In the mid-80s, in my first full-time position after college, I worked for a now-defunct software company doing artificial intelligence, specifically natural-language processing. The most significant project I worked on while there was a text categorization system. I was the tech lead (this was 1987ish). The client was Reuters, who at the time had literal rooms full of people whose job was to skim news stories coming over the wire, attach categories to them, and send them back out quickly. Our job was to automate that -- or, more realistically, to automate the parts that machines could do and send a much smaller set of "don't know" cases to humans. I'm writing this from memory; it's been more than 30 years and details are fuzzy.
I left that company and went on to do other things. I was vaguely aware that, at some point, the corpus of news stories we used for training data had been released publicly, by agreement between Reuters and my then-employer. I wasn't a researcher, wasn't in the NLP business any more, and lost touch. Technology moves on, and I figured our little project had long since faded into obscurity.
Tonight I got email with a question about that data set. My name is in the README file as one of the original compilers, and somebody tracked me down.
Somebody still cares about that data set.

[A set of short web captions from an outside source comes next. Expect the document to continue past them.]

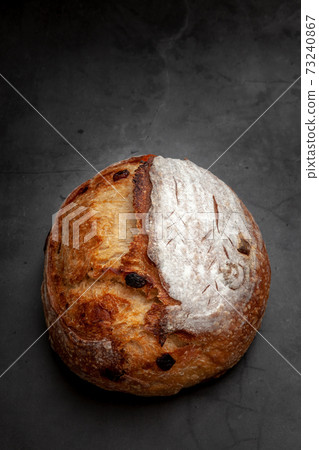 Sourdough bread with mixed fruits and nuts on dark cement background. 73240867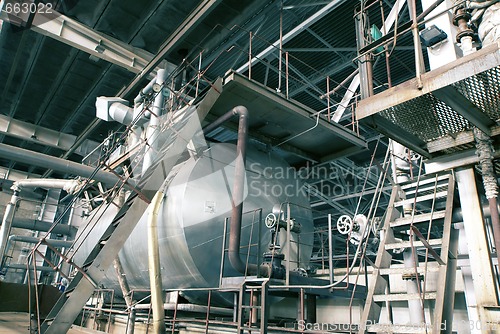 Image of different size and shaped pipes at a power plant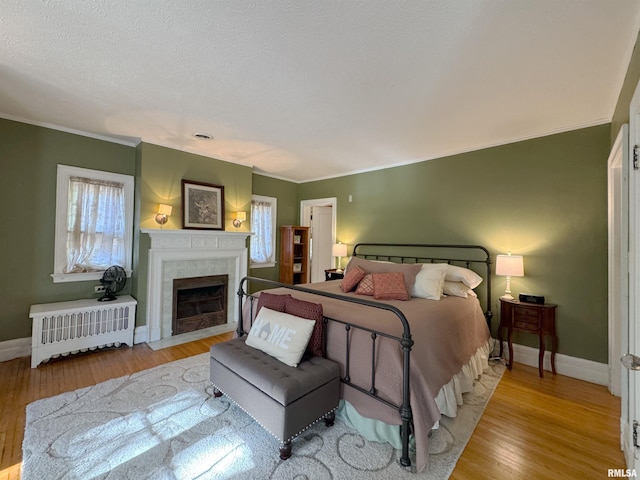 bedroom with crown molding, a fireplace, radiator heating unit, and light hardwood / wood-style floors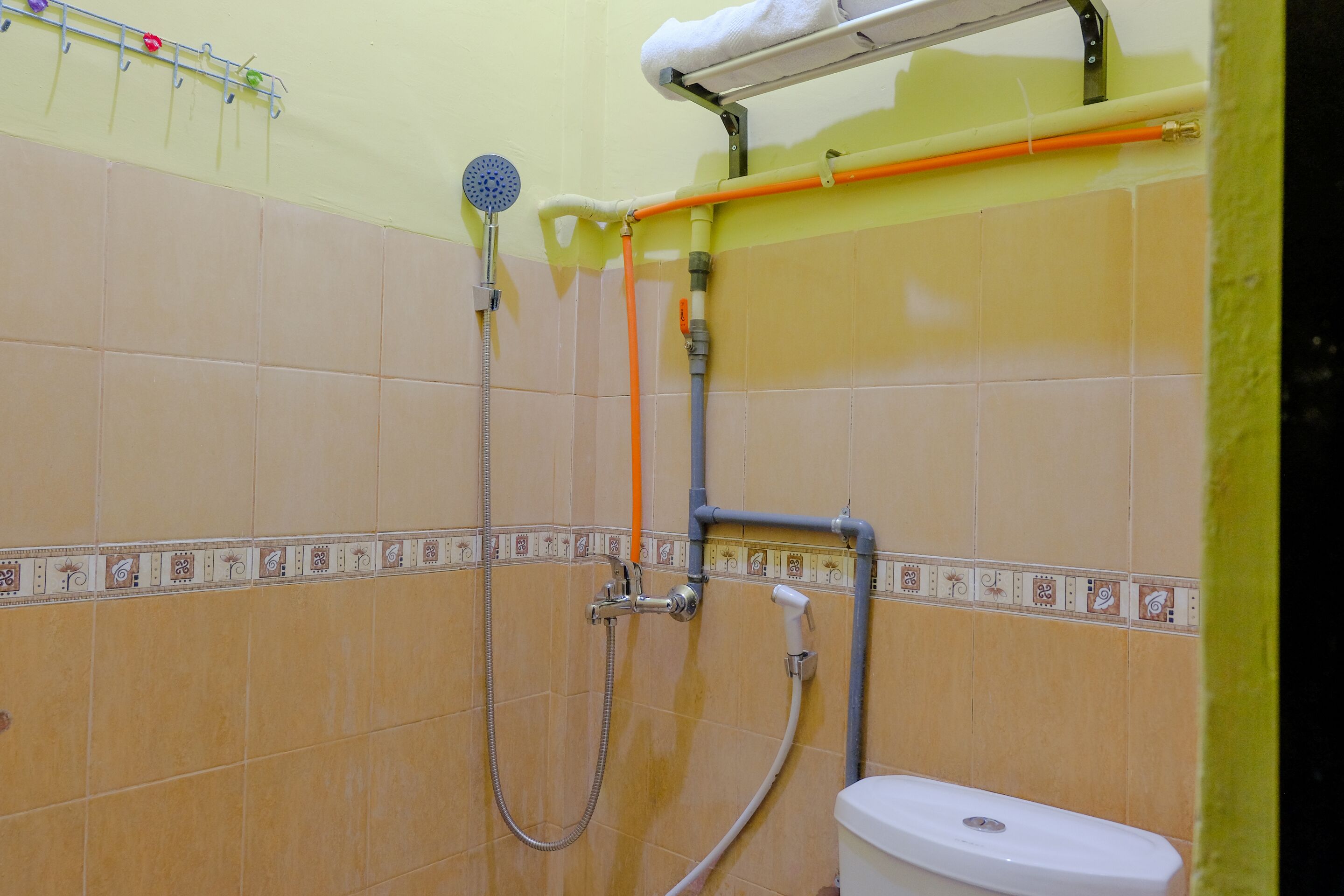 A bathroom with beige tiles, a shower, a toilet, and a towel rack.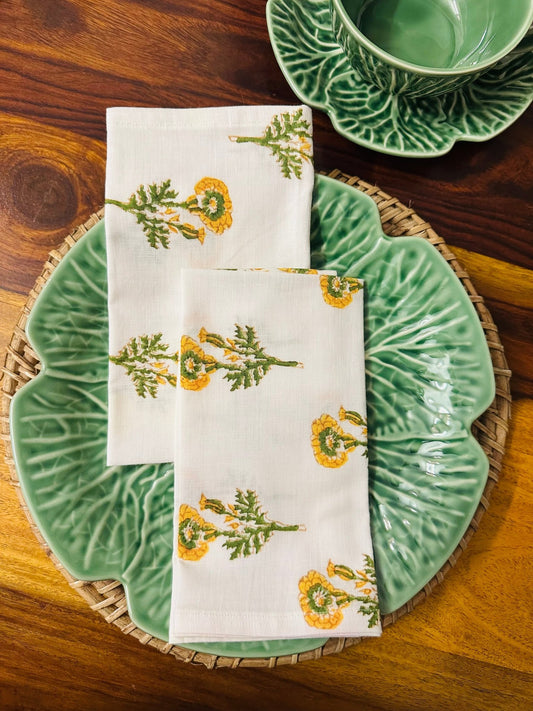 Napkin with floral pattern on a green plate on a wooden table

I Googled it. Our data set was popular for close to a decade, during which time people improved the formatting (SGML, baby!) and cleaned up some other things. It spawned a child -- the original either had, or had acquired, some duplicate entries, and the new one removed them. (The question I got was actually about the child data set.) And now I'm curious about the question I was asked too, because I either don't know or don't remember how it got that way.